Leetcode 1801: Number of Orders in the Backlog
You are managing an order system for a marketplace where both buy and sell orders are placed in batches. Each order contains a price, a quantity, and a type (either buy or sell). You need to calculate how many orders remain unfulfilled in the system after processing all the orders.
Problem
Approach
Steps
Complexity
Input: The input is a 2D array where each subarray represents an order with three values: price, amount, and order type (0 for buy, 1 for sell).
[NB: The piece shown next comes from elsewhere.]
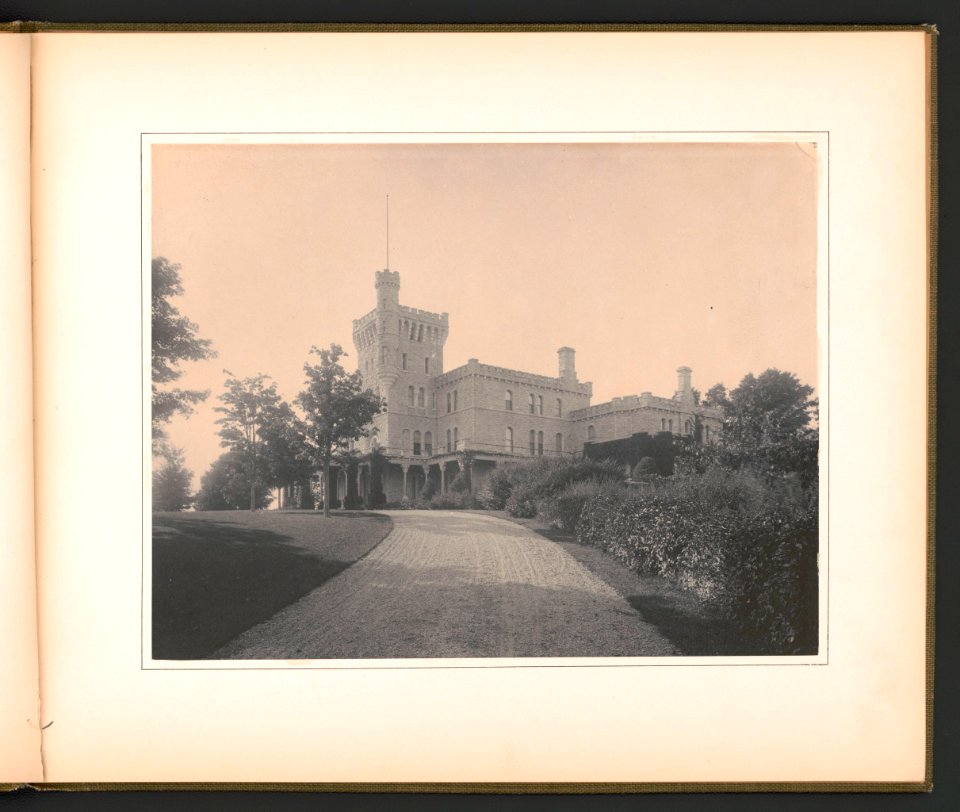 Driveway leading to mansion at Ophir Farm, home of Elisabeth and Whitelaw Reid, Purchase, New York LCCN2016650181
Example: orders = [[10, 5, 0], [15, 2, 1], [20, 1, 1], [30, 4, 0]]
Constraints:
• 1 <= orders.length <= 100,000
• 1 <= price_i, amount_i <= 10^9
• orderType_i is either 0 (buy) or 1 (sell)
Output: Return the total number of unfulfilled orders in the backlog after processing all the orders, modulo 10^9 + 7.
Example: Output: 6
Constraints:
• The result is modulo 10^9 + 7.
Goal: Process the orders to match buy and sell orders, keeping track of unmatched orders in the backlog.
Steps:
• Initialize two priority queues, one for buy orders and one for sell orders.
• For each order in the input, check if it's a buy or sell order.
• If it's a buy order, try to match it with the cheapest sell order. If no match is found, add it to the buy queue.
• If it's a sell order, try to match it with the most expensive buy order. If no match is found, add it to the sell queue.
• At the end, count the remaining orders in both queues.
Goal: Input size can be large, but operations should be efficient.
Steps:
• Time complexity should be approximately O(n log n), where n is the number of orders.
Assumptions:
• Orders are processed sequentially.
• Input: orders = [[10, 5, 0], [15, 2, 1], [20, 1, 1], [30, 4, 0]]
• Explanation: In this example, 5 buy orders at price 10 are placed and go into the backlog since no sell orders exist. Then, 2 sell orders at price 15 are added to the backlog, followed by 1 sell order at price 20. Finally, 4 buy orders at price 30 are added, and matching occurs with the 2 lowest-priced sell orders (15 and 20). The remaining orders in the backlog are 5 buy orders with price 10 and 1 buy order with price 30.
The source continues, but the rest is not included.